How to fix phenotype information when converting from VCF to PLINK
10 weeks ago
Diego • 0

I have a series of VCF files (one for each chromosome) that have an incorrect values for the phenotype (all samples have the value "-9"). I have read on other questions that the make-pheno or pheno flags can be used to add phenotype information when creating the PLINK format files. But I am unsure if thsis would work correctly since the VCF files "incorrectly" already provide that information.

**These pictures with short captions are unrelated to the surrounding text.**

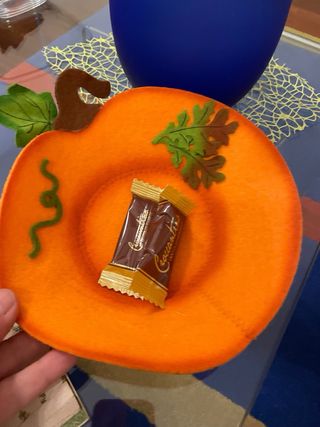 Decorazioni Halloween in pannolenci🎃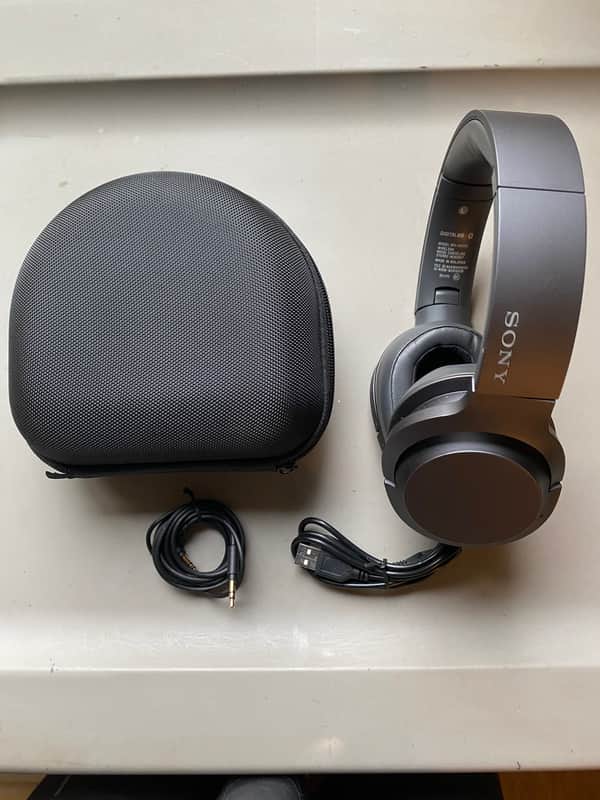 Sony WH-H900N Wireless Headphones image 1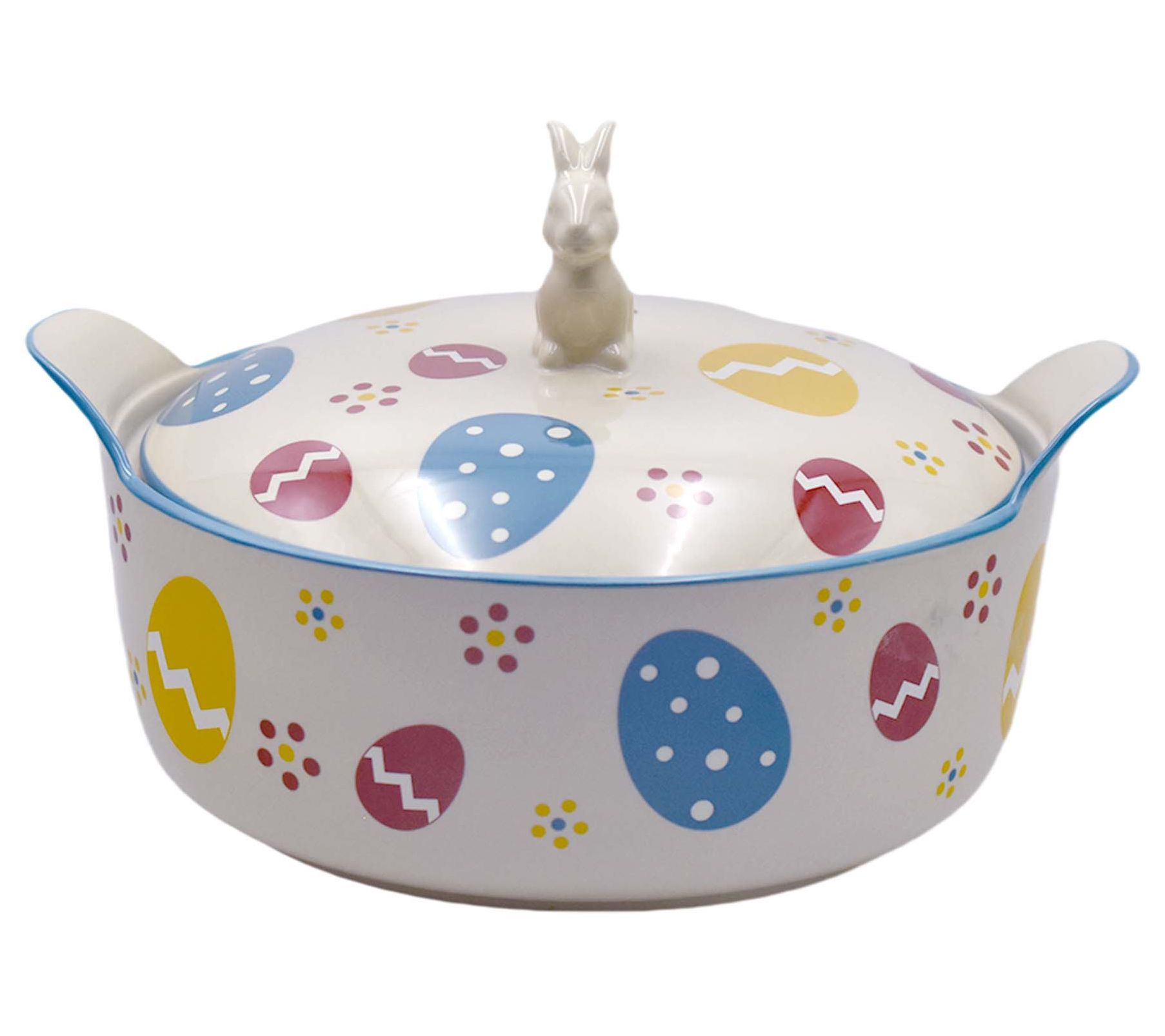 "As Is" Temp-tations Special Edition 3-Quart Round Lidded Baker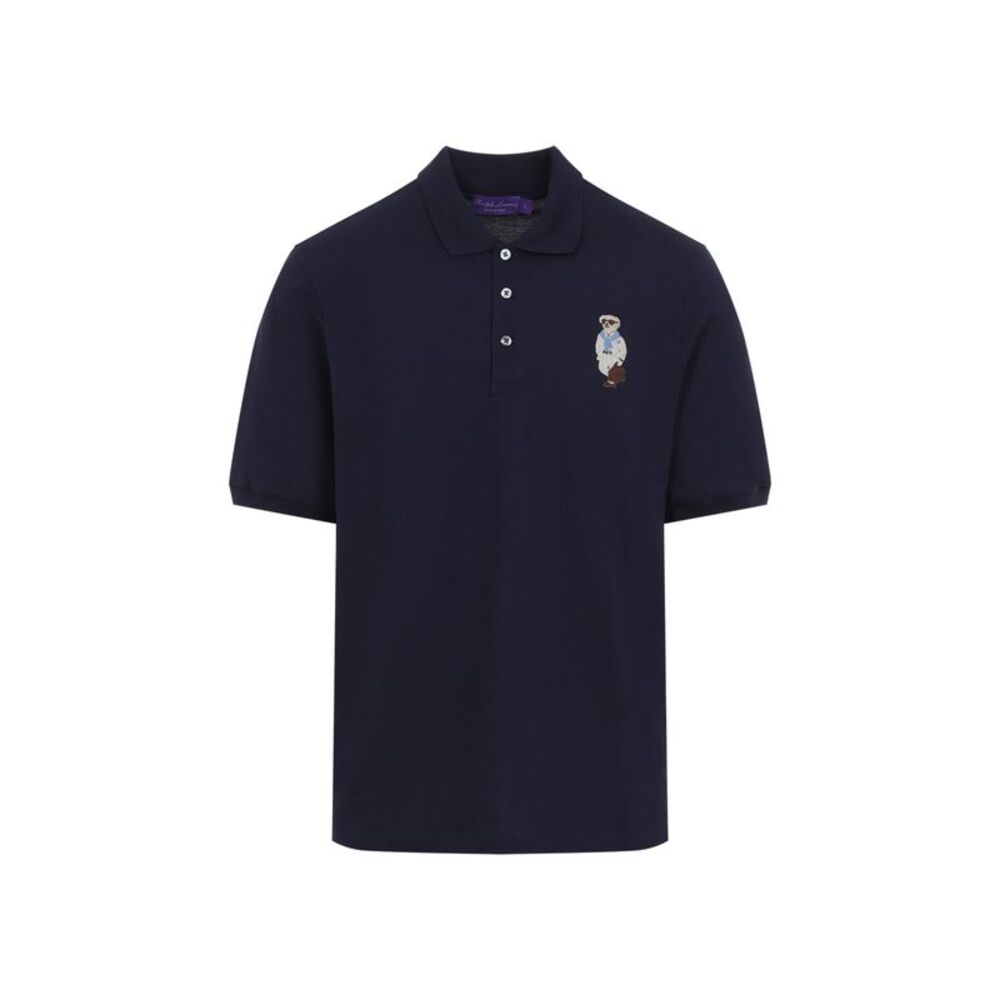Ralph Lauren Purple Label Bear Polo Men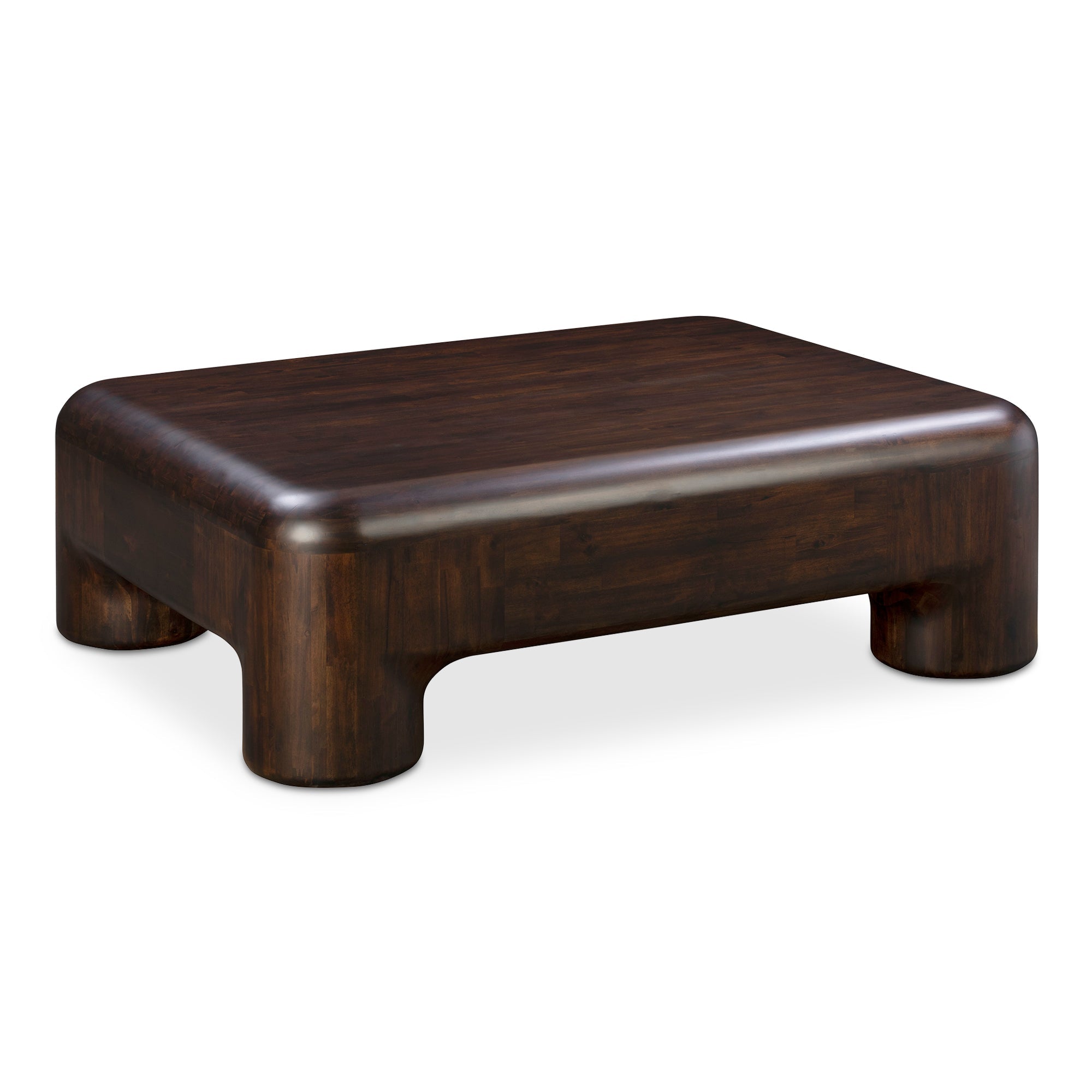 Moe's Home Rowan Coffee Table Dark Brown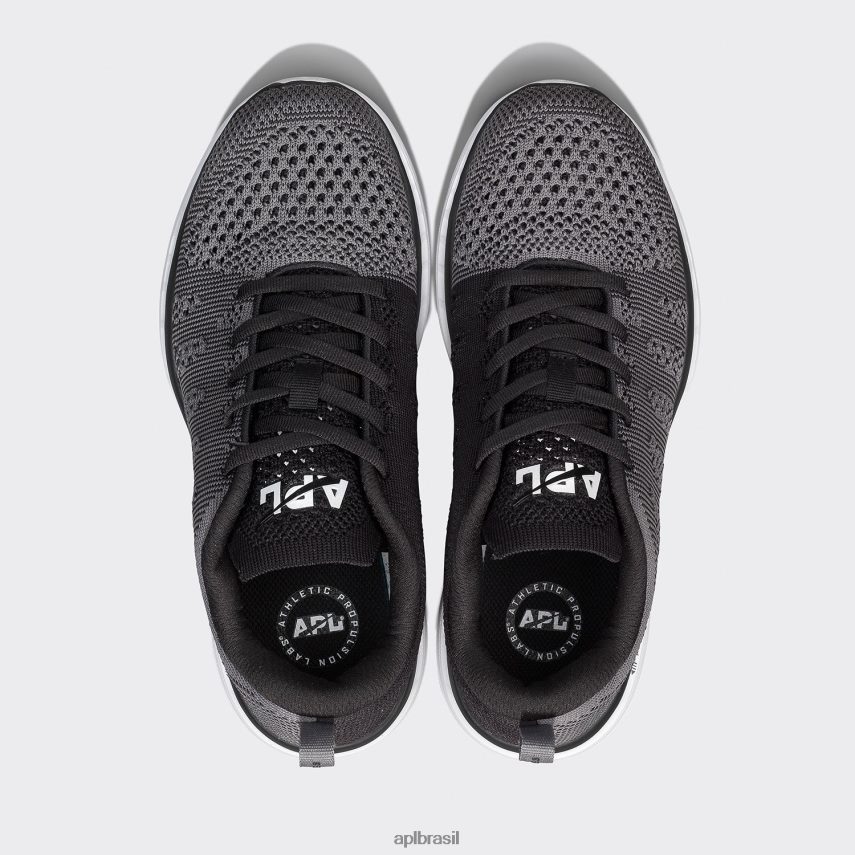 correndo APL techloom profissional 47 fumaça / preto / branco mulheres PRHR24284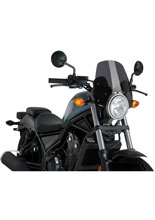 Owiewka motocyklowa PUIG Naked New Generation Honda Rebel 300 (17-23)/ 500 (17-) / SE (20-) mocno przyciemniana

plink -- bfile file --make-pheno phenotype_file.phe --make_bed --out out_file

Would this work right even if the VCF files contain the PHENO column? Also how can I generate the phenotype file? Can it be done in a program like Excel and then exported to csv, and then somehow converted to .phe format?

Any help is appreciated!

9 weeks ago
Diego • 0

I figured it out, for anyone who might be trying something similar: the make-pheno flag allows to add/fix the phenotype information if there is a problem with it. Instead of a phe file format, a tab separated .txt file works fine. The file should contain 3 columns FID, IID and PHENO (without headers). So for many cases the first two columns contain the exact same ids and then the 3rd column has the phenotype. The phenotype can be a string (eg. 'POS' and 'NEG') , you just need to define the positive case in the command, just as follows:

plink --vcf file.vcf --make-pheno phenotype_file.txt POS --make_bed --out out_file

To make the phenotype.txt file excel works great!